**Problem statement**
Drop the pictures and extract exactly the lines from the one that contains "Thomas & Friends" through the end of the material.

-------------------------

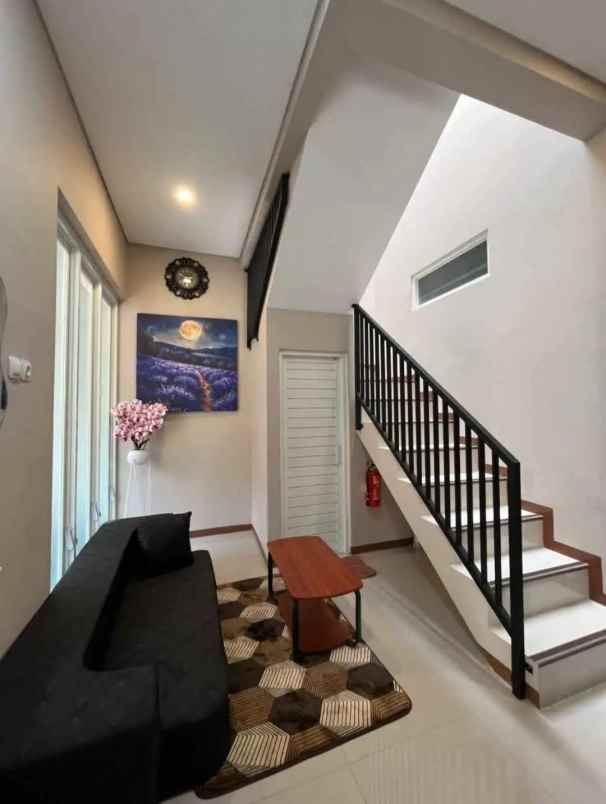 dijual kost lowokwaru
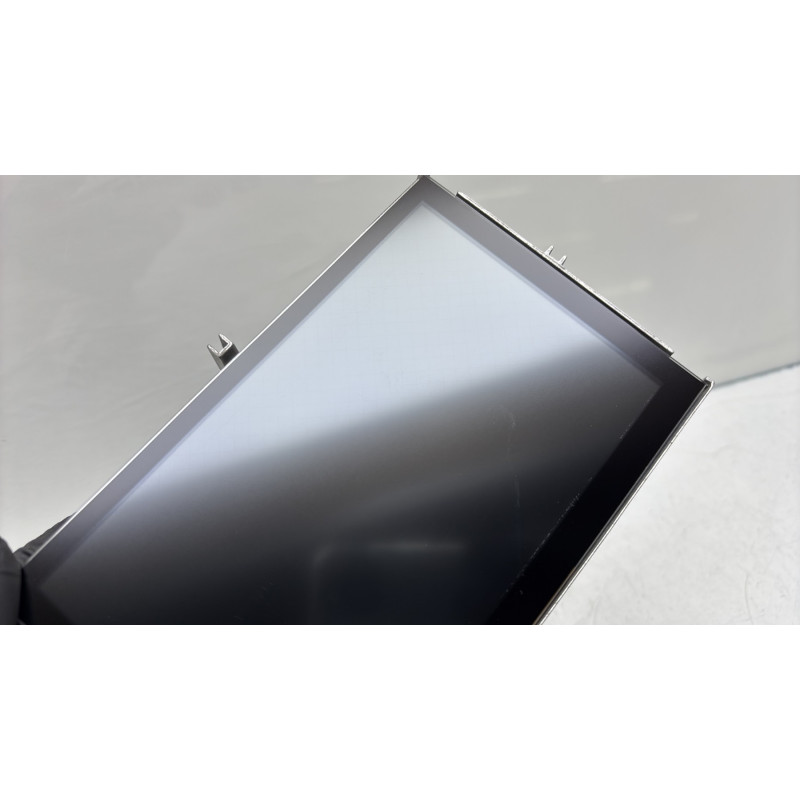 Ecran GPS RENAULT KADJAR Photo n°3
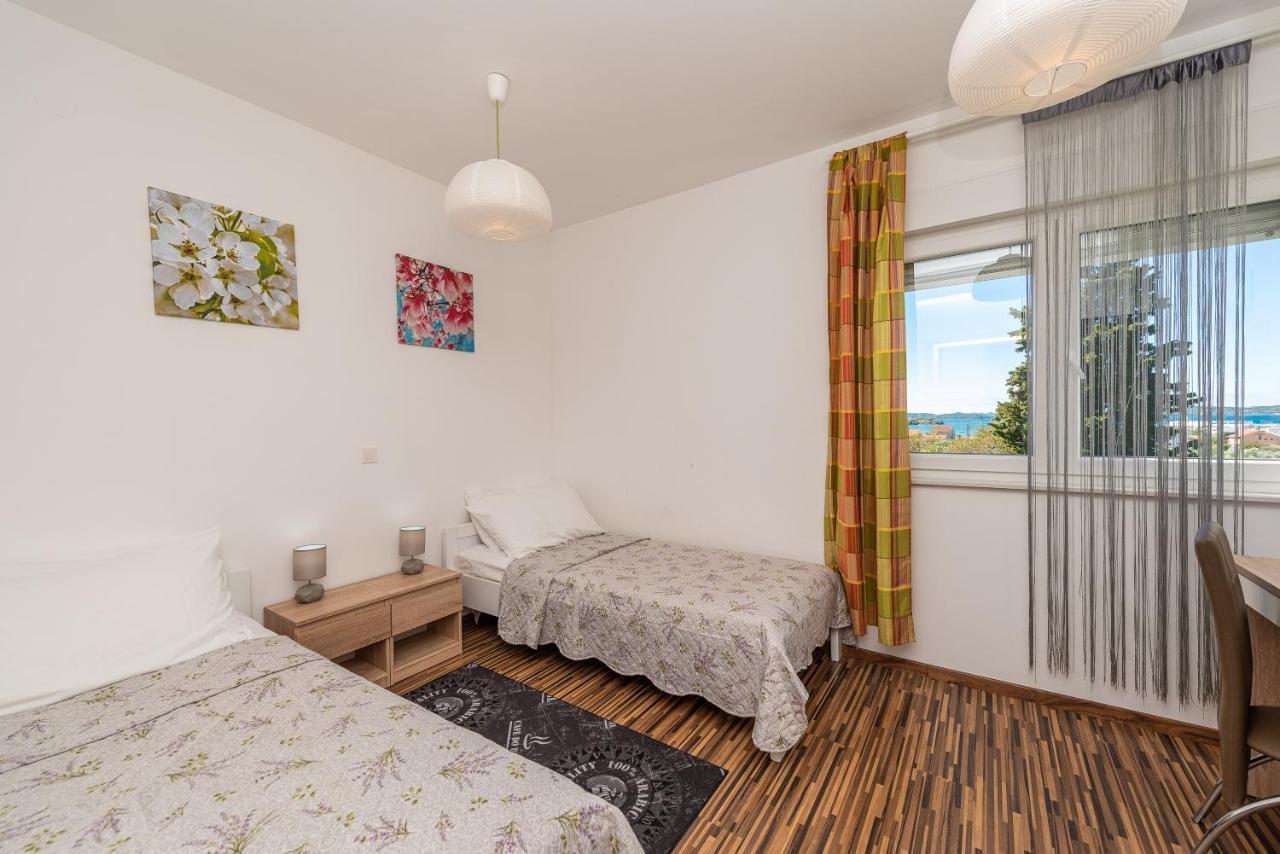 Antonio Apartments Sukošan Εξωτερικό φωτογραφία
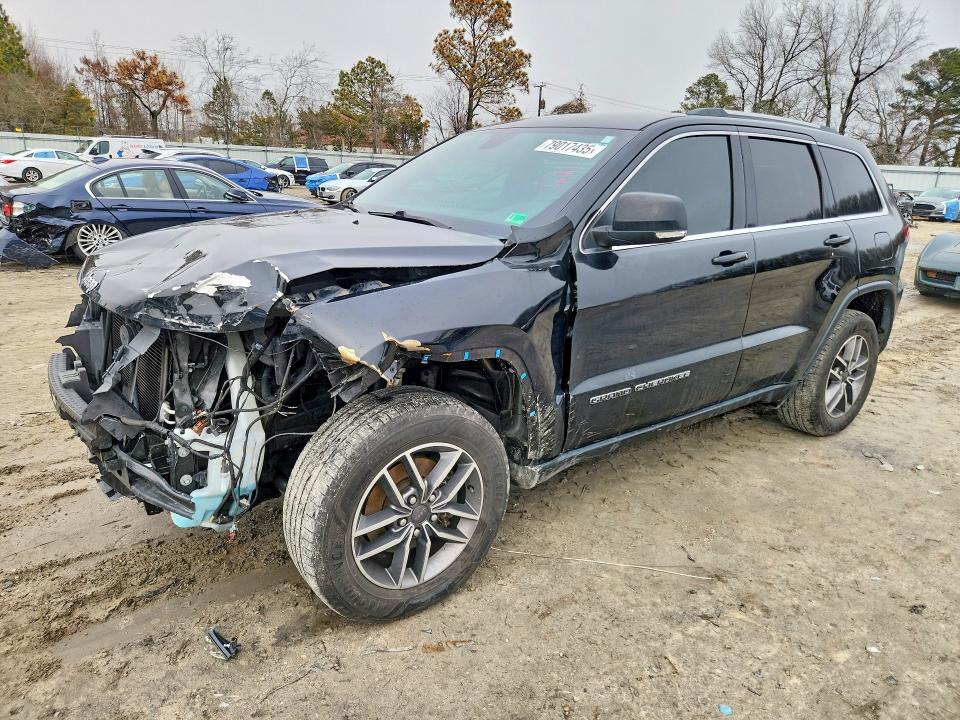 2020 JEEP GRAND CHEROKEE — VIN 1C4RJEAGXLC113731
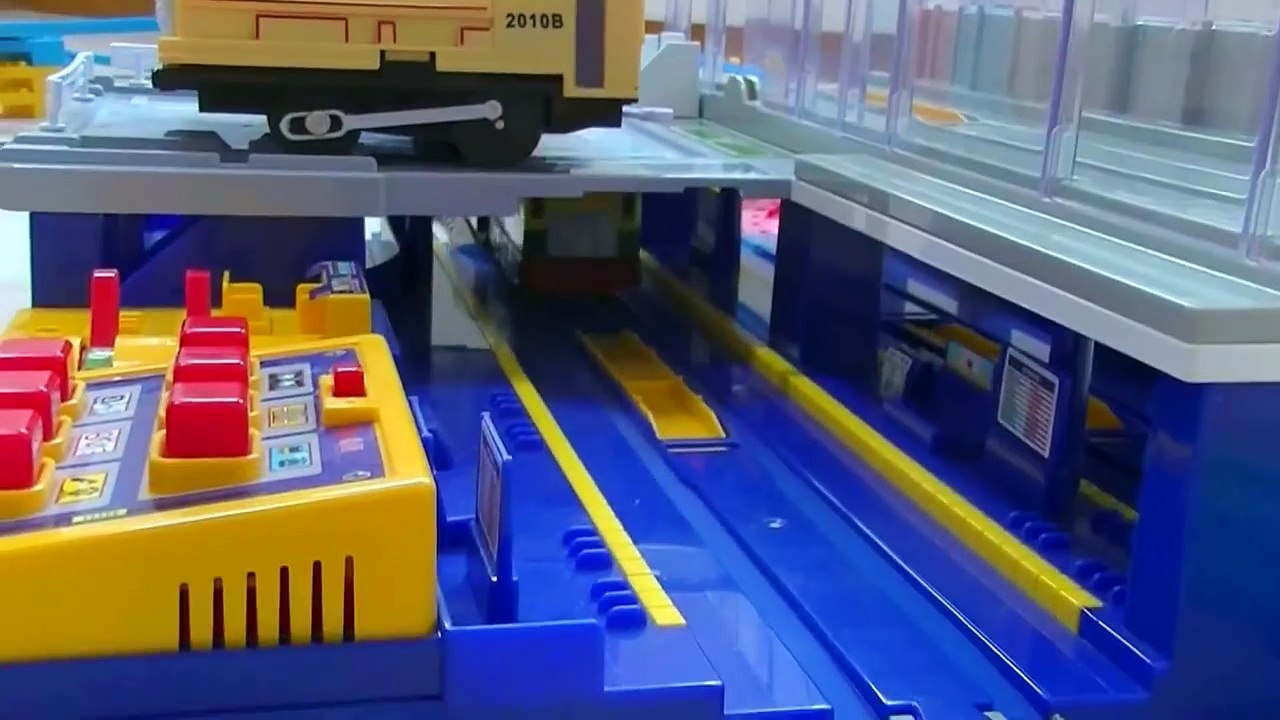 Thomas & Friends & Knock Off Toys Track Master きかんしゃトーマス プラレール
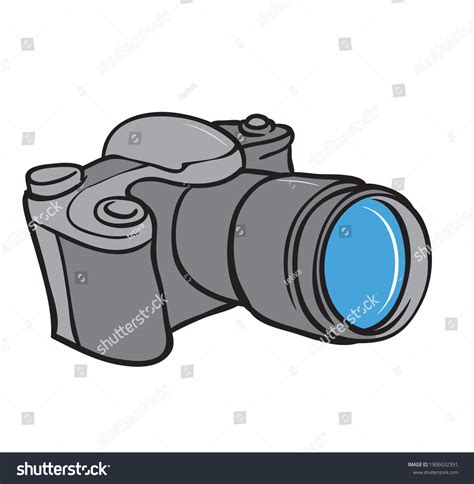 Camera Cartoon Simple 的图像结果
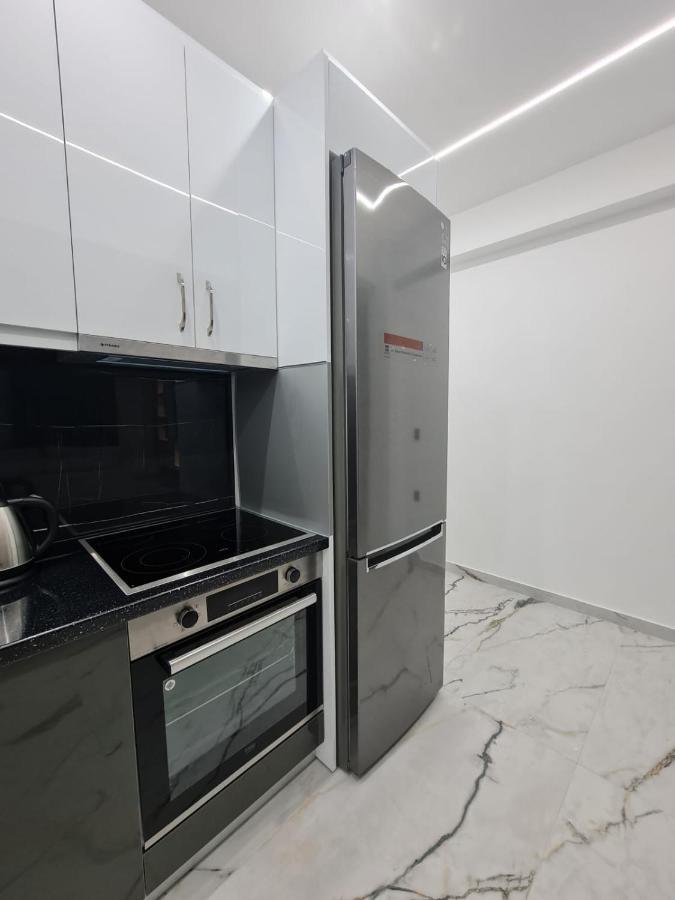 Luxury In Attiki * Atena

-------------------------

**Solution for this task**
 Thomas & Friends & Knock Off Toys Track Master きかんしゃトーマス プラレール
 Camera Cartoon Simple 的图像结果
 Luxury In Attiki * Atena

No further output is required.